Throughout WoW, there was no big bad badder than the Legion. We were told, this was the ultimate goal.  We were even teased that the war against the Legion would continue into Anduin’s old age.

And then came the Legion expansion, and we chumped Sargeras and, somehow (?) the Legion was rendered moot.

Now, we’re in a strange place where instead of hopping world too world after Dem Legions, we’re fussing around with Fancy Trolls and Thicc Bois and blowing each other up. And something something Teldrassil, and “anticipating” an adventure in the land of the dead.

It’s weird. Pursuit of the Legion had enough built in content to keep this game going for decades, with a wide diversity of possible worlds, multiple opportunities to switch things up, and ample opportunities for engaging new races and characters and maybe even classes.

Compared to this, Shadowlands feels – to me – like flailing about wildly for “what’s next”, a Dr. Strangesque excursion into a place that we didn’t really feel compelled to go in the first place.

I’m not sure who’s idea Legion was at the point that occurred, but I really feel “don’t schedule the endgame until you’re ready for the endgame” seems to be fairly rational advice, and I can’t believe nobody gave this advice to that person.

I’m surely giving Shadowlands a fair shake. But I feel somewhat less than excited to do so. BfA at least stirred my blood with the burning of Teldrassil, but this time I feel like, “can we just close the gateway and leave her in there?”

Hey, there are a few things I am truly looking forward to, starting with (and primarily) the new appearance options we’ll get for our characters. But everything else I’ve seen so far leaves me feeling flat.

I wonder how others are feeling about it.  I imagine the hardcore raiders / pvpers are indifferent, as long as they get new raids and stuff. 

That Water Strider business; it’s all about control.

Imma not gonna lie, I never got the Water Strider mount  until BfA, and even then it was the Welfare Water Strider.  I was in no hurry, but until I got it I didn’t realize why so many people wanted it.

Take yourself back to Burning Crusade and the massive effect that flying mounts had on day to day questing. Now, there was a big difference between then and now. Then: you had to gain the flying ability per toon. Today: one toon gets it, all toons get is.

But there was a gate, and flying was that gate.

Before flying, you had to slog your way through any number of BC quests (flying didn’t apply to, well, anything on Azeroth), and that taught certain values about the value of flying in landlocked environments. Most importantly: quests that were difficult for landlocked toons were cake for those with flying mounts.

For some time now I have been ruminating on how water striding mounts fulfil the same role that flying mounts did, only instead of flying they offer the means to move freely in areas that water constrained the area of free movement.

And in the course of those ruminations, I have come to realize that water striding mounts fulfil the same role that flying mounts did on areas that relied on the behavior of ground mounts to restrict and control movement in a zone.

You see, this is all about control.

Control, and the complete lack of foresight on the part of software developers that are paid well to foresee such things.

The whole point of controlling flying in zones is to control the flow of the activities in that zone.
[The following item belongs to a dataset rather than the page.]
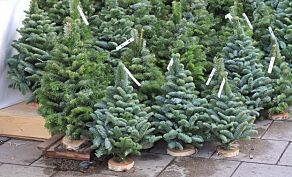 image: Her struper Coop juletresalget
I’ve said it before and I’ll say it again: this is bullshit. The design of a zone that has flying as a factor must take flying into account, or the zone design itself is a failure.   So far, every zone that Blizzard has presented is a failure when it comes to flying. Flying overcomes all constraints designed into the zone. No zone designers thus far have designed with flying in mind. And as a result, we end up with artificial constraints on where you can and cannot fly. Shame.

shame

Water Striders are the next generation of this shit-show of design. When they were introduced in Pandaria, they were a cute little end-game perk for players that endured an endless shit show of a rep grind. The short-sighted designers of these mounts failed to foresee how useful they would become in future expansions, for the design didn’t have any level constraints.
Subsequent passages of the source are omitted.